What needs to be done:
Return each line below exactly as it reads, and omit any image in it.

Task material:

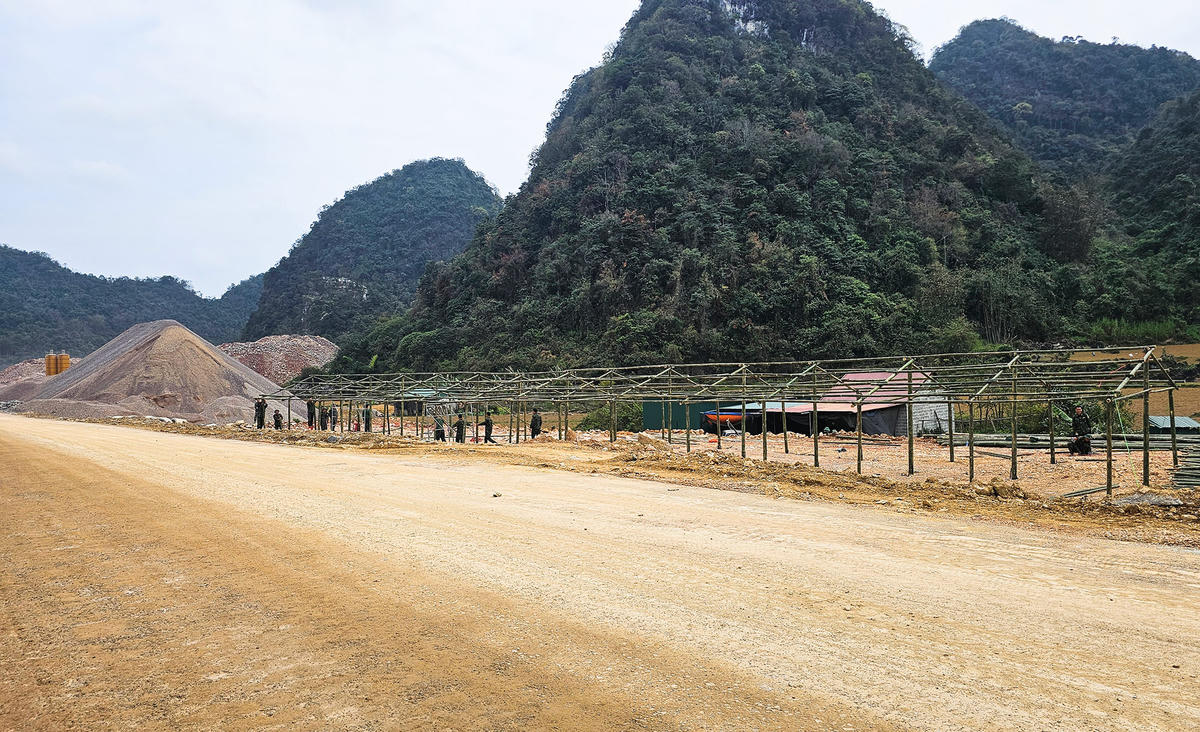 Tại km 66 thôn Bản Căm xã Thạch An, các cán bộ, chiến sĩ Sư đoàn 346 Quân Khu 1 đang dựng lán trại để đón thêm người lên tăng cường hỗ trợ nhà thầu thi công, xây dựng, hoàn thành thông tuyến vào ngày 19/5.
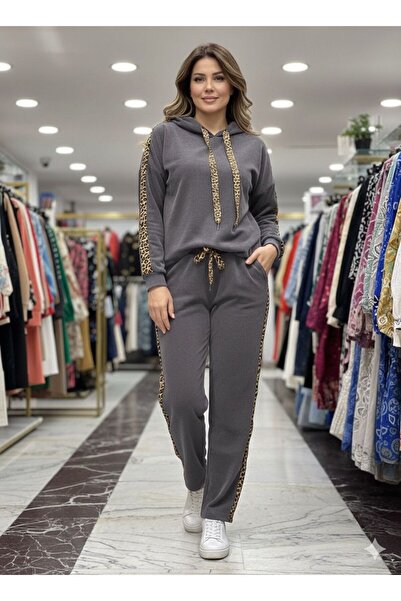 AGORATEKSTİL Women's Original Italian K Hooded Chenille Velvet Leopard Detailed Top and Bottom Set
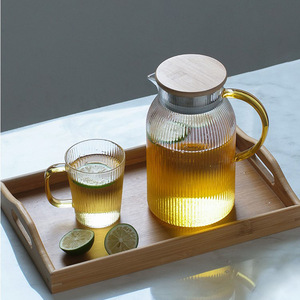 Carafe en verre rayée avec infuseur 1,5 L pour eau froide et jus, idéale pour les fêtes - Product Image 4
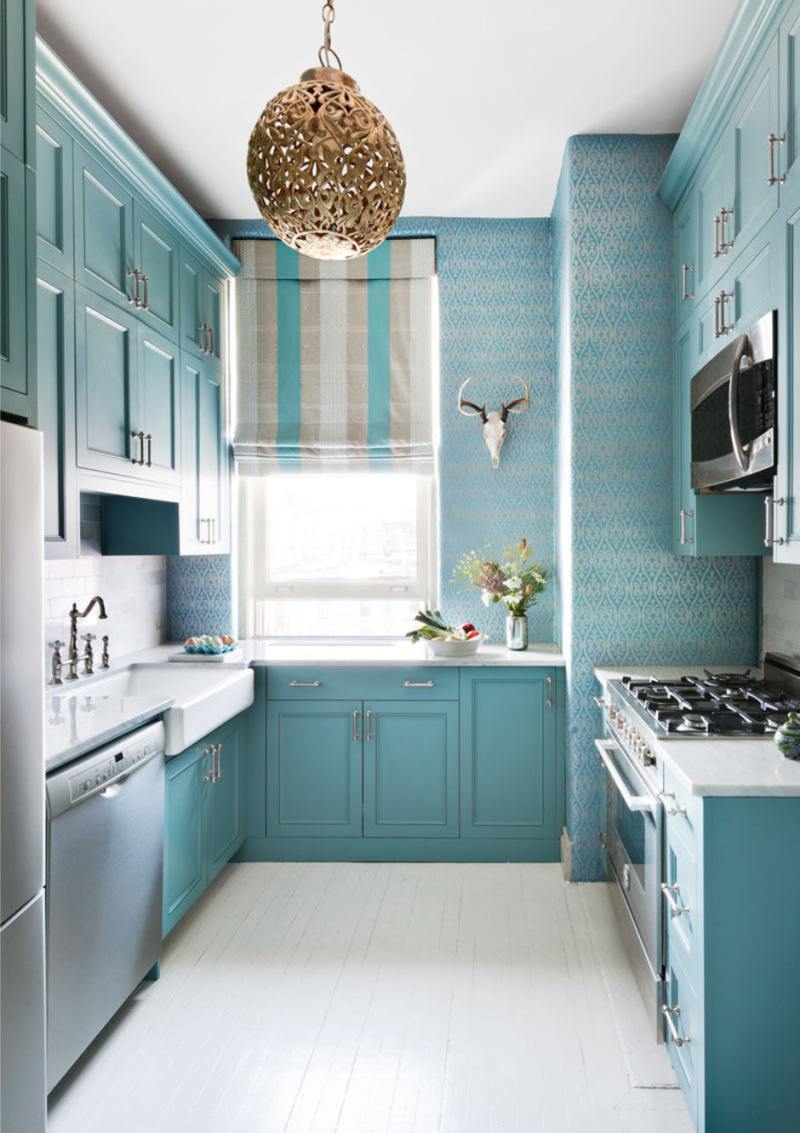 Yksivärinen sininen asteikko keittiön sisätiloissa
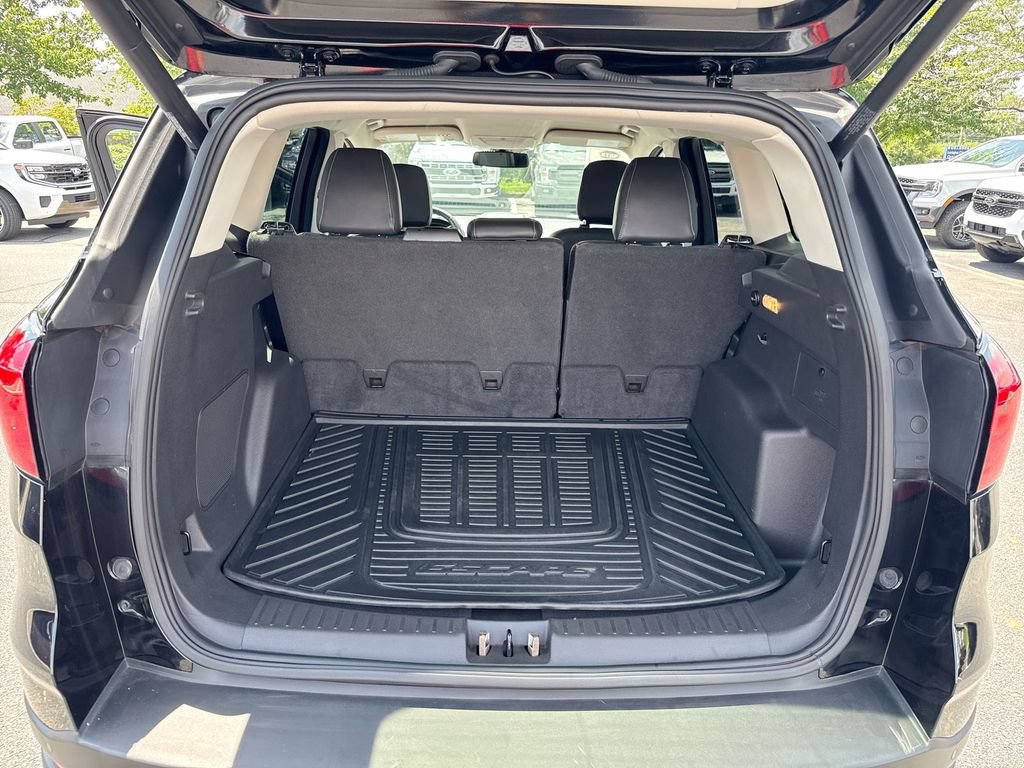 Used 2019 Ford Escape Titanium AWD/4WD image 24
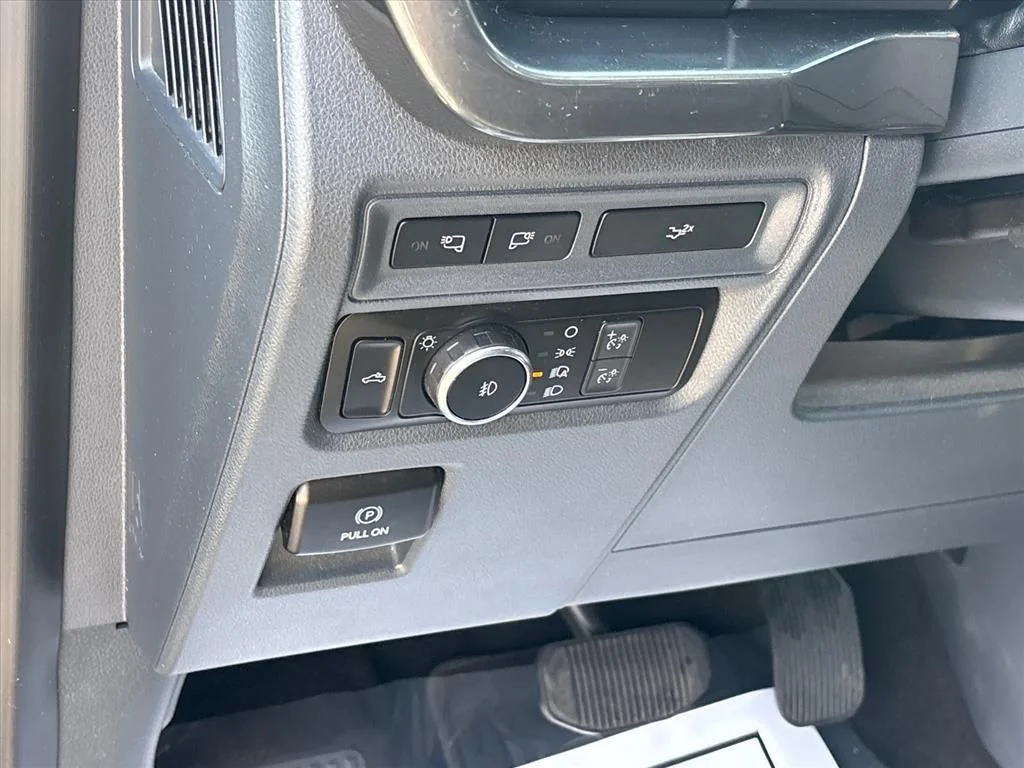 Used 2023 Gray Ford XLT image 27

Answer to this task:
 Tại km 66 thôn Bản Căm xã Thạch An, các cán bộ, chiến sĩ Sư đoàn 346 Quân Khu 1 đang dựng lán trại để đón thêm người lên tăng cường hỗ trợ nhà thầu thi công, xây dựng, hoàn thành thông tuyến vào ngày 19/5.
 AGORATEKSTİL Women's Original Italian K Hooded Chenille Velvet Leopard Detailed Top and Bottom Set
 Carafe en verre rayée avec infuseur 1,5 L pour eau froide et jus, idéale pour les fêtes - Product Image 4
 Yksivärinen sininen asteikko keittiön sisätiloissa
 Used 2019 Ford Escape Titanium AWD/4WD image 24
 Used 2023 Gray Ford XLT image 27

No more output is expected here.